Organize and Take the Big Bag

a) Bryan’s response focuses on the ways in which free markets would solve the problems I point to if they were really problems. But the whole point of my position is that we don’t have a free market! Left-libertarians have pointed out in detail the ways in which the housing and labour markets, for example, are skewed in ologopolistic and oligopsonistic directions respectively. By ignoring these analyses rather than refuting them, Bryan in effect assumes the problems out of existence; he might just as well say “taxes can’t really be too high, because if they were, consumers would just switch to a rival protection agency with lower fees.”

b) The fact that workers can shirk, that tenants can be delinquent, etc., is beside the point. We already know upfront that each party to a contract can potentially screw over the other. The point is that, given that context, the contracts are then skewed to favour one side.

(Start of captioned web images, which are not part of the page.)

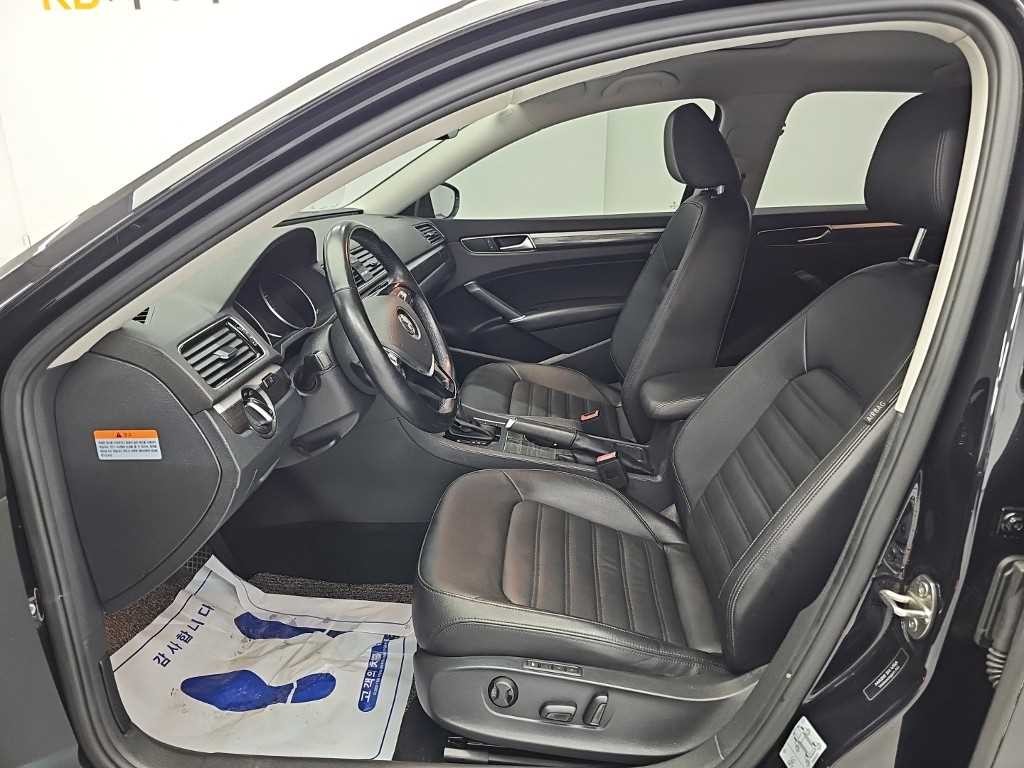 폭스바겐 파사트 더 뉴 파사트 2.0 TSI 이미지 11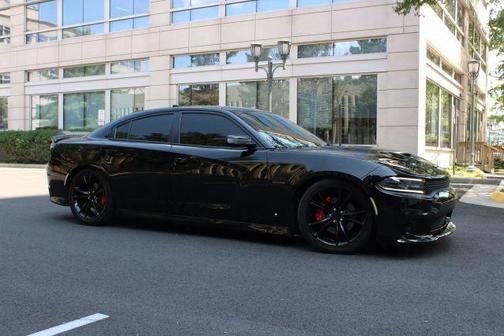 2016 Dodge Charger R/T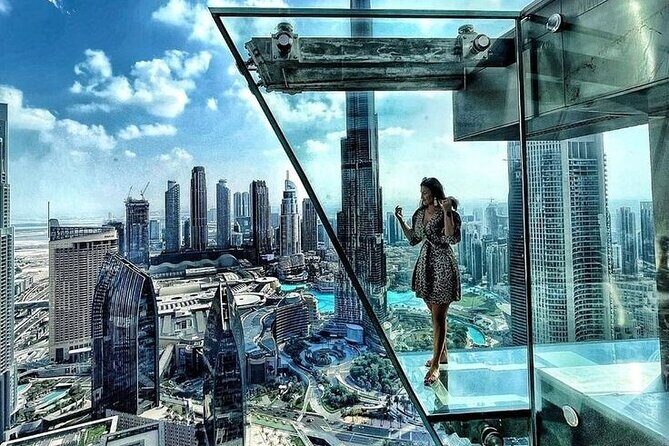Dubai Mall Aquarium with Penguin Cove + Skyview Ticket - FAQ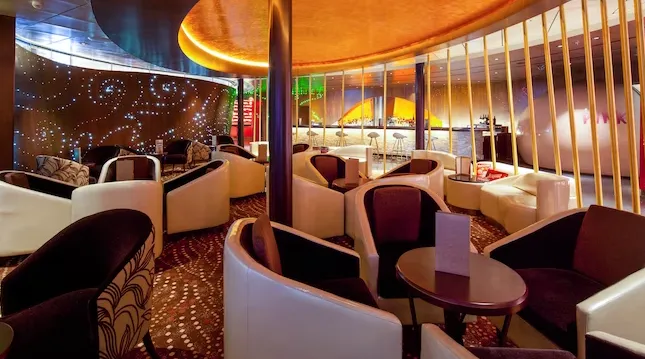 District Lounge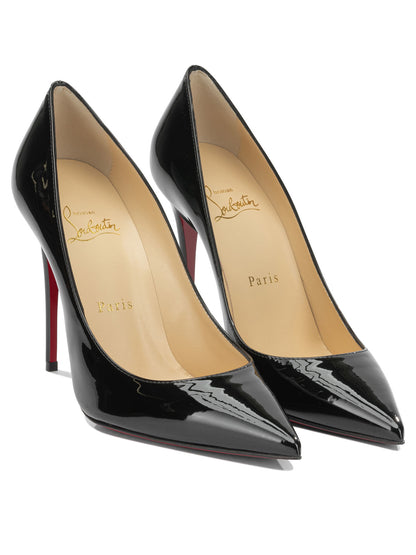 Christian Louboutin Heeled shoes - Black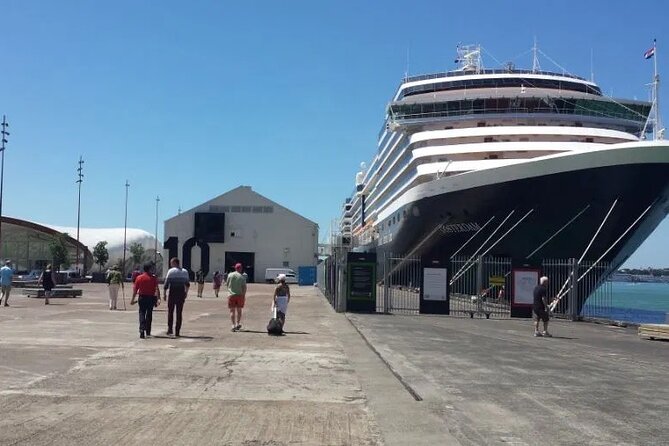 Private Transfer From Cruise Ship To Auckland Airport - Who will get the most from this transfer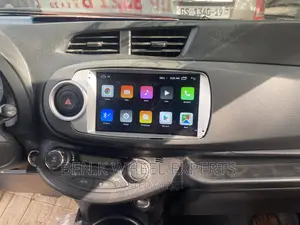 Toyota Vitz/Yaris Android Screen 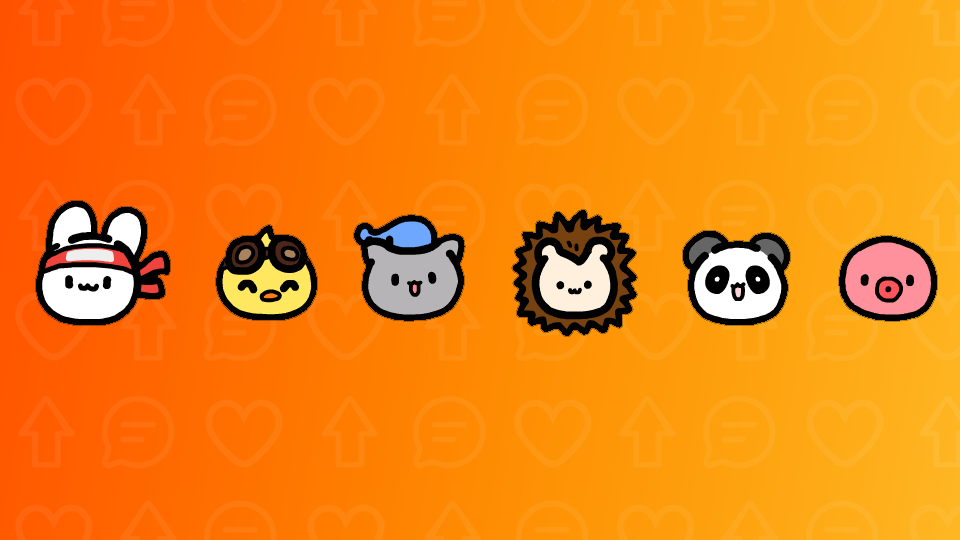 Huddle Discord server banner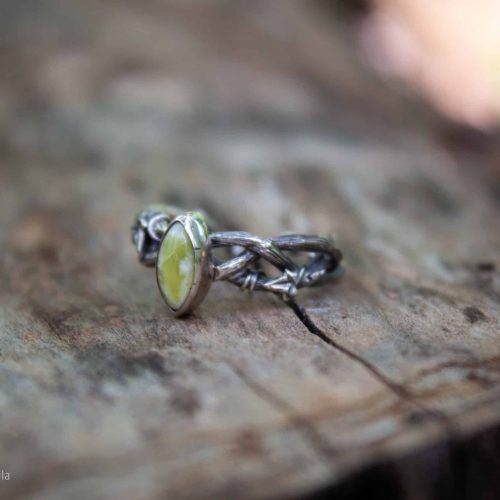 Bague – Uaine – Photo 3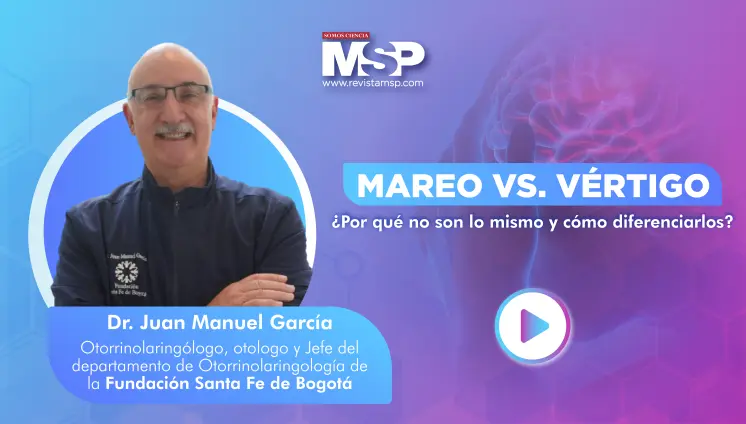 Mareo vs. Vértigo: ¿Cómo diferenciarlos?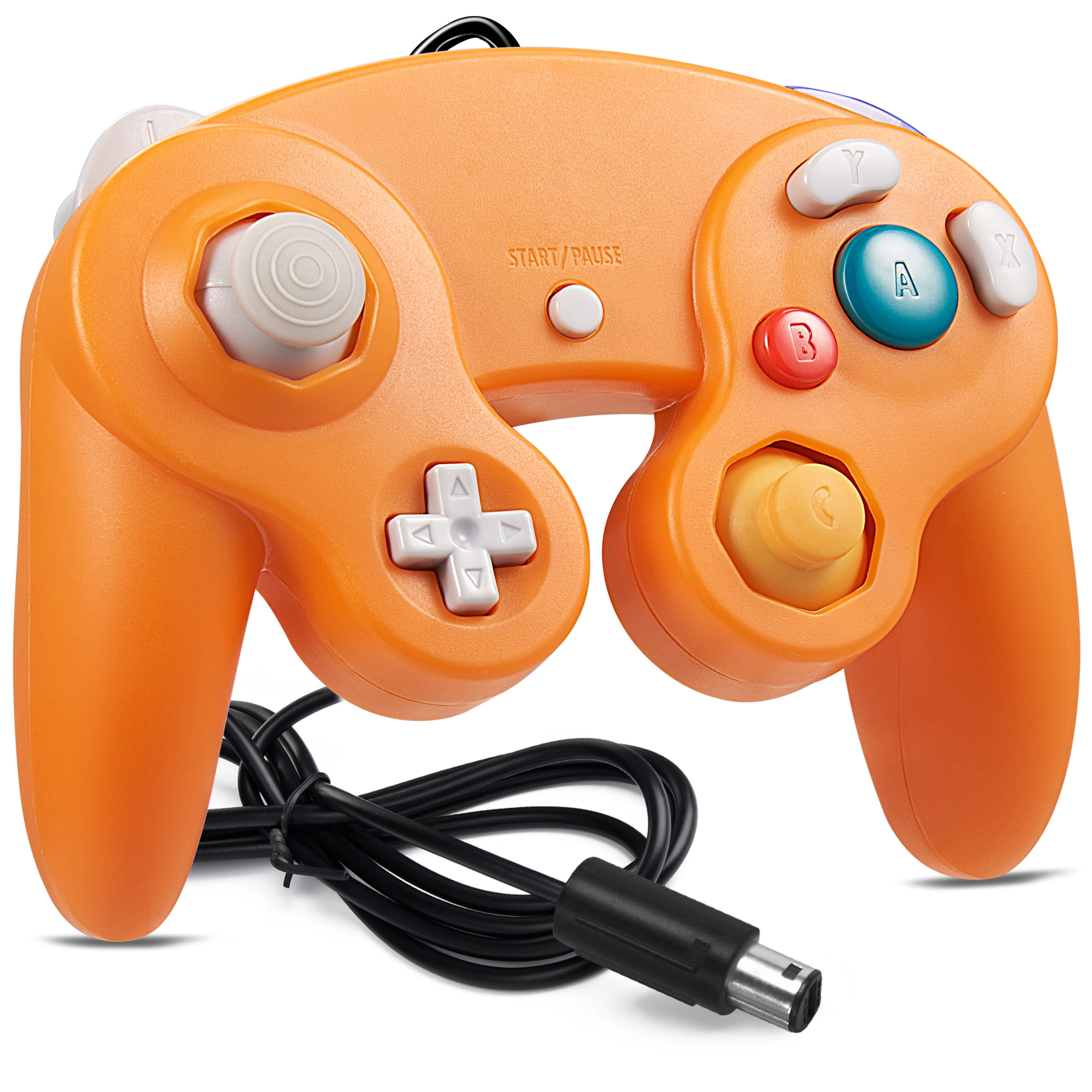 Wallpaper #y1ZJe5cBsd6xcFiEt9wL9 Luxmo Gamecube Controller Wired Controllers Classic Gamepad Joystick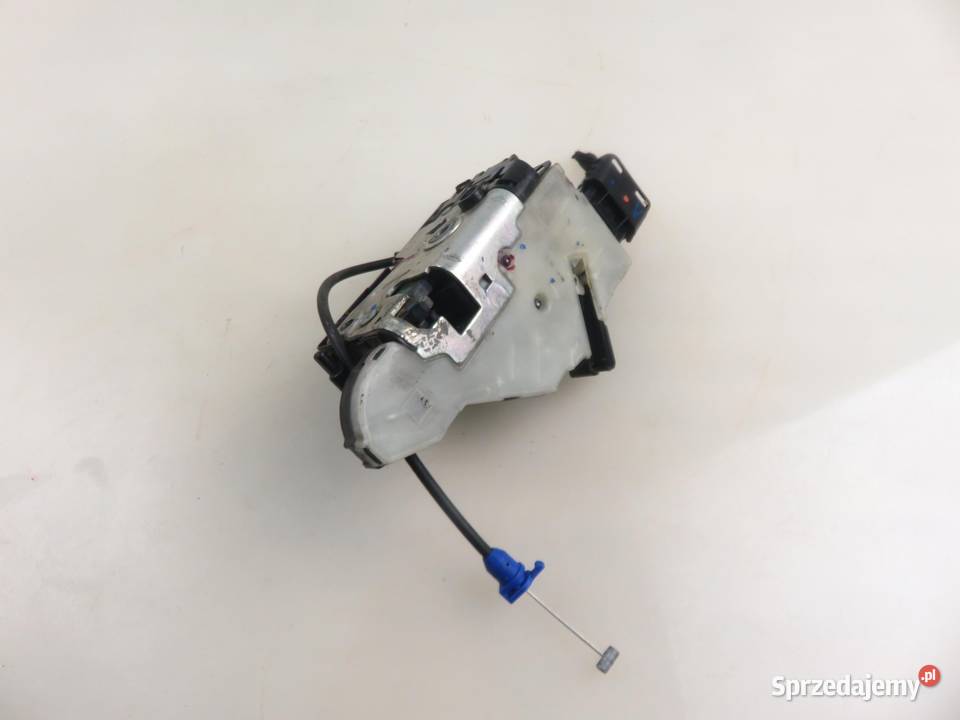 ZAMEK PRAWY PRZEDNI CITROEN C4 Grand Picasso I Zamki, wkładki i kluczyki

That skewing isn’t counterbalanced by the other side’s capacity for delinquency, because each side has that capacity, and one side has the favourable contract in addition.

c) Yes, there are various regulations that purport to help the weaker party to the contract; but left-libertarians have argued in detail that those regulations in practice actually tend to help the stronger party instead. Maybe we’re right about that and maybe we’re wrong, but as far as I know, Bryan hasn’t addressed those arguments, and we can hardly be expected to pretend we haven’t made them.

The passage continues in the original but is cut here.